Managing Huge Data with Distributed Storage and Hadoop Cluster

9 min readSep 17, 2020

Stepping into the world of Big Data and Distributed Computing

Recently, I started my journey as the ARTH Learner in the program “ARTH -2020” under the guidance of ‘The World Record Holder Mr. Vimal Daga Sir’. As it is just the starting phase of my journey as the ARTH learner, here I’m sharing some learnings.

How much data is created on the Internet each day ?

Ever thought about how much data is created every day? So how much data is produced every day in this techie world? Before getting into the depth of it, here is a overview.

Big Data Growth Statistics

The stats of data growth in 2020 tell us that big data is rapidly growing and the amount of data generated each day is increasing at an unprecedented rate. The majority of the world’s data has emerge about in only last few years. If you’ve wondered how much data the average person uses per month, you can start by looking at how much data is created every day in 2020 by the average person. This currently stands at 2.5 quintillion bytes per person, per day (there are 18 zeroes in a quintillion. Just for your information).

In the last two years alone, around 90% of the world’s data has been created. By the end of 2020, around 44 zettabytes will make up the entire digital universe. Furthermore, it is estimated that around 463 exabytes of data will be generated each day by humans as of 2025. These impressive technology growth stats for big data show no sign of slowing down. Thus, Big Data is the future of the world.

**Tabular Representation of various Memory Sizes**

Here’s How Much Data Big Companies Manage

It makes us to wonder, just how much data is the tech giants companies like Google and Facebook are generating? What does that hugedata look like, and is it comparable to any such? Here are the stats from four of the biggest tech companies out there right now.

Google: 40,000 Google Web Searches Per Second

Google revealed some huge, big stats on big data recently. Around more than 3.7 billion humans now have regular access to the internet. And, that results in approx 40,000 web searches per second on Google. This can only be understand by our habit : No one says “Let me check on the internet.” It’s always “Let me Google that.”.

Furthermore, over half of all those web searches are through the mobile devices. It is likely the web search totals will continue to grow as more and more people start using their mobile devices across the world.

Facebook: 4 petabytes of data every day.

In the year 2012, this stats was something around 500 terabyte, as revealed by Facebook. But, this huge amount of change is due to the amount of time users spend on Facebook, as reflected in the data growth statistics throughout 2020. In fact, people spend more time on Facebook than any other social network.

Ever thought that how many photos are uploaded to Facebook every day? It is a huge number. Around 350 million photos are uploaded to Facebook each day.

Another stat Facebook revealed in the year 2012 was that over 100 petabytes of data are stored in a single Hadoop disk cluster

Twitter: 12 Terabytes Per Day

One can’t think that 140-character messages comprise large stores of data, but it turns out that the Twitter community generates more than 12 terabytes of data per day.

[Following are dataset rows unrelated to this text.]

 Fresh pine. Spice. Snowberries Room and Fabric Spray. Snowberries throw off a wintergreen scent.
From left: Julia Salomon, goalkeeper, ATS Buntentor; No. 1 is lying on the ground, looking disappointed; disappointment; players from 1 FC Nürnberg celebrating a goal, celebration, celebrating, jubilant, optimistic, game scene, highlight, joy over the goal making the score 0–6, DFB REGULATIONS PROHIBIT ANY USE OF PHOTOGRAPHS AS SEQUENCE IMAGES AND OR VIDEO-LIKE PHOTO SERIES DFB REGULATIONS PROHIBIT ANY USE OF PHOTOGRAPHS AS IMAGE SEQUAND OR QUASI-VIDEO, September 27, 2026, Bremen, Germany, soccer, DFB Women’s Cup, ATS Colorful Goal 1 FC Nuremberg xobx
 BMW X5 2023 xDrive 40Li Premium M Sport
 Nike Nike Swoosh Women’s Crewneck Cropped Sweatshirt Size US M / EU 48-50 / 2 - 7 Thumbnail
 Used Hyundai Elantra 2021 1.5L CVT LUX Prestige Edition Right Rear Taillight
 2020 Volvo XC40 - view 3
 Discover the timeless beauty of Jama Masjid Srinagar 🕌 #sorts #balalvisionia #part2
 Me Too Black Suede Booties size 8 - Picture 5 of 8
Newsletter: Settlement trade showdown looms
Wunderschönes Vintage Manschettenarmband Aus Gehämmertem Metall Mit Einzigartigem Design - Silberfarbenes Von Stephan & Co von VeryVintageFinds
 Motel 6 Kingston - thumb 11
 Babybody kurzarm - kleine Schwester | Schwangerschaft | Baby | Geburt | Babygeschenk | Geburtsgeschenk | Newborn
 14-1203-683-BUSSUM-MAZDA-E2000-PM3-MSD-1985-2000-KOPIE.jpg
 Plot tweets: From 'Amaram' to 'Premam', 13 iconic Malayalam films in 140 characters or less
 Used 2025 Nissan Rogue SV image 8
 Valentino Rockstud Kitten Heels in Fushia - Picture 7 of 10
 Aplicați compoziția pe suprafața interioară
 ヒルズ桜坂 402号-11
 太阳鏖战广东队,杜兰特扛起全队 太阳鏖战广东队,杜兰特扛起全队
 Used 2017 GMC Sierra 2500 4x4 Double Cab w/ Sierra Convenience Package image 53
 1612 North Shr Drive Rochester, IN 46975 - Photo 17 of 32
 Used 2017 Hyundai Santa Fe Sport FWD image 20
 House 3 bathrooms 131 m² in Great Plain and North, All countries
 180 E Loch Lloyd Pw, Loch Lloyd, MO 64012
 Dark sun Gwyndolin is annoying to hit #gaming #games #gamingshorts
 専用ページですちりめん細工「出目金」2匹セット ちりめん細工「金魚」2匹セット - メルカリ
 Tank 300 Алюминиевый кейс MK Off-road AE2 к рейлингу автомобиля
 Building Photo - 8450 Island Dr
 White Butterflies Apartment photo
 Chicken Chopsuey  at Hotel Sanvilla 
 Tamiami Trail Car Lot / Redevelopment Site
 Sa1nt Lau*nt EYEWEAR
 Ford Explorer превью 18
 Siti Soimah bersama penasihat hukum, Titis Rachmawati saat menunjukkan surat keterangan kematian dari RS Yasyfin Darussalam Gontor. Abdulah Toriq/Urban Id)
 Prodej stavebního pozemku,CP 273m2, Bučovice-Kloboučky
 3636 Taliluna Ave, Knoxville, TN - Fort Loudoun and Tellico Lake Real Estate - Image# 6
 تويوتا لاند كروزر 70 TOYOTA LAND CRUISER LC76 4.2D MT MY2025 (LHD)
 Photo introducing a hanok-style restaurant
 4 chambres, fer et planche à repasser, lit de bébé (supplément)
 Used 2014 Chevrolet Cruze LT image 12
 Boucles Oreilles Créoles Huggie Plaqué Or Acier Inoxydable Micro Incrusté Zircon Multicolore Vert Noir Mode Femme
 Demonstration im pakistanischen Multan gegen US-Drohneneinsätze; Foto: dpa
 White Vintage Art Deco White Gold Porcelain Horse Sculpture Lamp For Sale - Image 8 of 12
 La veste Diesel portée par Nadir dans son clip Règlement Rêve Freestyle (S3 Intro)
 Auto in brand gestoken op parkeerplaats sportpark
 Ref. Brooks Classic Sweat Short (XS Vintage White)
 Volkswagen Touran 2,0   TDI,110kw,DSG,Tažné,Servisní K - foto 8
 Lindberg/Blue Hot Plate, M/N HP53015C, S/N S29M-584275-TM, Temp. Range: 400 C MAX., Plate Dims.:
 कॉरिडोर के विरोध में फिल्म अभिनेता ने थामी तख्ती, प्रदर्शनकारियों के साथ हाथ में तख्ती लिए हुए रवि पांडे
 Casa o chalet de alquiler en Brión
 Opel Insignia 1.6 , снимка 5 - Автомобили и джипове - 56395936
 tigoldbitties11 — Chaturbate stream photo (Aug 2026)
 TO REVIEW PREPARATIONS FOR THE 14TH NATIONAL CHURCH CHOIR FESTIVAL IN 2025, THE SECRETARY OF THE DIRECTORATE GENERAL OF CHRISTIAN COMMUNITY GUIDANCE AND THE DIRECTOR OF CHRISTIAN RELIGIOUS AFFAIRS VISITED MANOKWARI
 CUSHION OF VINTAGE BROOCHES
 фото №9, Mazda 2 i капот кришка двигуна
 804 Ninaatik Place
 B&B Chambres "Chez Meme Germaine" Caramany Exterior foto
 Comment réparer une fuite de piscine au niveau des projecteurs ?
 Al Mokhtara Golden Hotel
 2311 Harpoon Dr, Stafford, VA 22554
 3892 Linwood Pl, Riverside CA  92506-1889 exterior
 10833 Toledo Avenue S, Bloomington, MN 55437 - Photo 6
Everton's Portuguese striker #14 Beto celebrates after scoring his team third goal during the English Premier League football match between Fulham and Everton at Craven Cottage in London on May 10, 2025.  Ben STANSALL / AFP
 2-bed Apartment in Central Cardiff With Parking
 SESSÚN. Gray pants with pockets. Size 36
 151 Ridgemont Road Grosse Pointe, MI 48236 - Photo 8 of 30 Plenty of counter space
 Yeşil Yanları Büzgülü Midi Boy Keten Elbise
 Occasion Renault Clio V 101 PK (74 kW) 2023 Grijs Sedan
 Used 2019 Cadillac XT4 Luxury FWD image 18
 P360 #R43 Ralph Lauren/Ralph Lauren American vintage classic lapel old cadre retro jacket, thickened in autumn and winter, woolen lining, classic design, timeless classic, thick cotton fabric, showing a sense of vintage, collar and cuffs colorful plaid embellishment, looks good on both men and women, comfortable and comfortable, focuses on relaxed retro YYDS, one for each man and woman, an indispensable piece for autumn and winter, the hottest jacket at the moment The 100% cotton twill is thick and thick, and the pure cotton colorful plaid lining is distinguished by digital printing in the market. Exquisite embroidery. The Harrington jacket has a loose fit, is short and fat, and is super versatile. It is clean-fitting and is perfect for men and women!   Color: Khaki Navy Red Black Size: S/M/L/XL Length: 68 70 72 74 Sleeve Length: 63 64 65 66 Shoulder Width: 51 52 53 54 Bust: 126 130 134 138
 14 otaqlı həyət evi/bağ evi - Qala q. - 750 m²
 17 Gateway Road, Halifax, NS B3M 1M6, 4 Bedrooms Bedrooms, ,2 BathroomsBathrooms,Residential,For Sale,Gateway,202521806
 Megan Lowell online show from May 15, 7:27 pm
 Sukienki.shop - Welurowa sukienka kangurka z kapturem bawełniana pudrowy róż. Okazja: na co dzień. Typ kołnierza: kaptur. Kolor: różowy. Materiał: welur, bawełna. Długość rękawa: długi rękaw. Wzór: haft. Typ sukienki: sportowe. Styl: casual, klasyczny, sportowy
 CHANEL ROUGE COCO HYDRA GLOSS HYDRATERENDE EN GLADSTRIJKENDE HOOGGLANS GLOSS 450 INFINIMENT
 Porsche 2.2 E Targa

That equals 84 terabytes per week and 4368 terabytes — or 4.3 petabytes — per year. That’s a huge data certainly for short, character-limited messages like those shared on the network. This is because there are around 330 million users active Twitter boasts 330 million monthly active users. Of these, more than 40 percent, or more specifically, 145 million, use the service on a daily basis.

Amazon :

Amazon is dominating the marketplace — Amazon processes $373 MILLION in sales every day in 2017, compared to about 120 million amazon sales in 2014
Each month more than around 206 million people around the world get on their devices and visit Amazon.com.
Amazon S3 — on top of everything else the company handles and offers a comprehensive cloud storage solution that naturally facilitates the transfer and storage of massive data troves. Because of this, it’s difficult to truly pinpoint just how much data Amazon is generating in total.

What Is Big Data actually means?

It is a combination of structured, semi-structured as well as unstructured data collected by different organizations that can be mined for useful information for predictive modeling and other advanced analytics applications.

In present tech-savvy world, Big data is often characterized by the 3Vs: the large volume of data, the wide variety of data types and the velocity at which the data is generated, collected and it’s processing is done.

Importance of Big Data

Many of the tech giant companies use the big data accumulated in their systems to improve operations, provide better customer service, develop personalized marketing campaigns based on specific customer preferences and, ultimately, increase profitability.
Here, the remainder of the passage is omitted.